--- Stored data ---

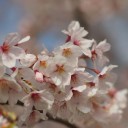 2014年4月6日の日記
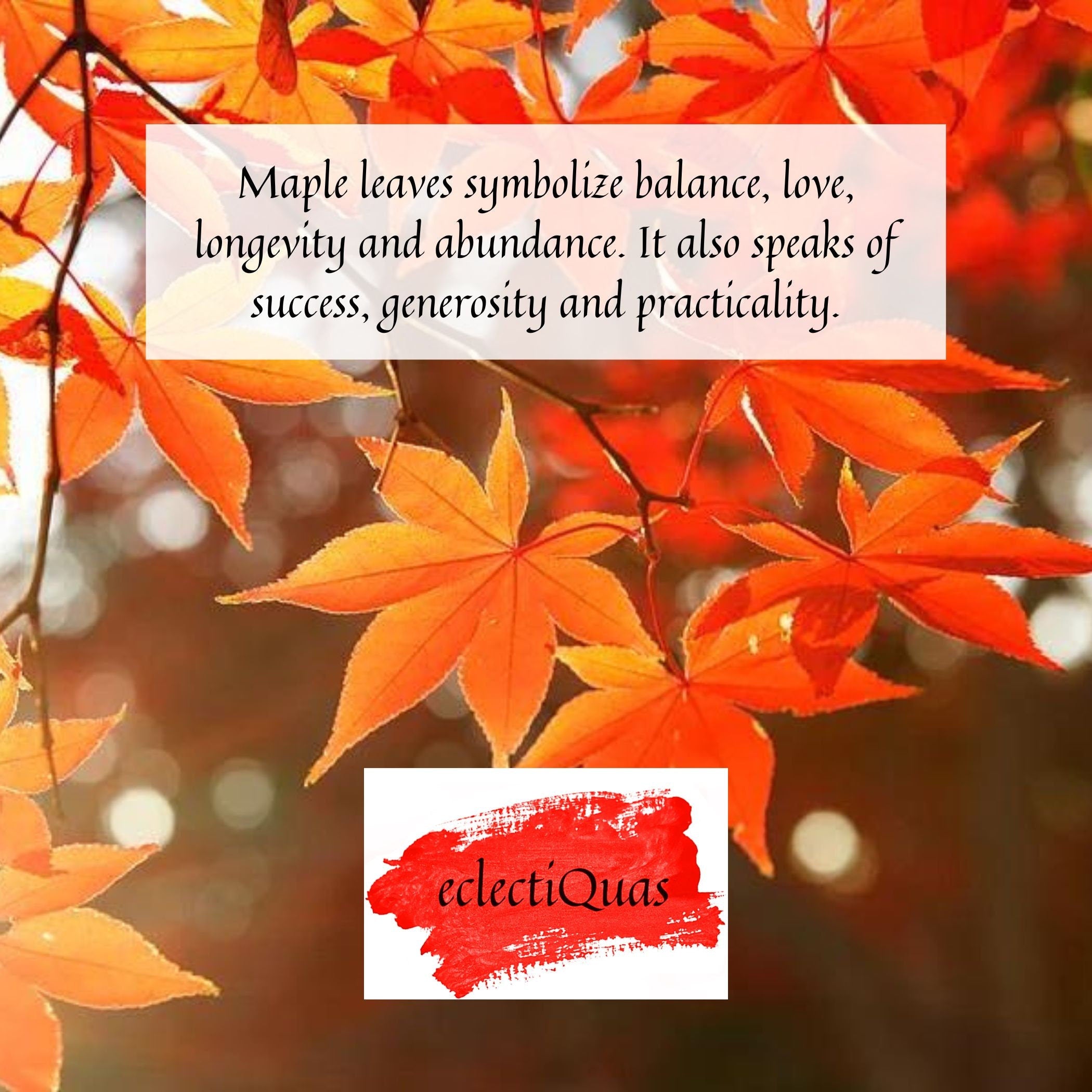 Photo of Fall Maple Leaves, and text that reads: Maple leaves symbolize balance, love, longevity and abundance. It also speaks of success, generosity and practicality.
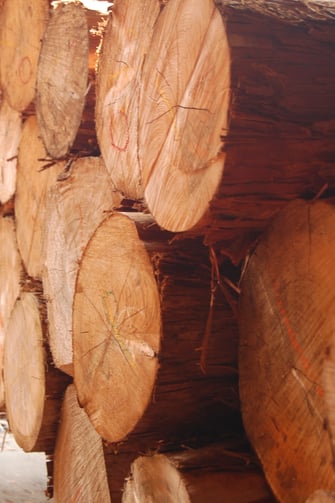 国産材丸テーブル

---

What you will do: Give the listing again exactly, excluding pictures.

Your solution:
 2014年4月6日の日記
 Photo of Fall Maple Leaves, and text that reads: Maple leaves symbolize balance, love, longevity and abundance. It also speaks of success, generosity and practicality.
 国産材丸テーブル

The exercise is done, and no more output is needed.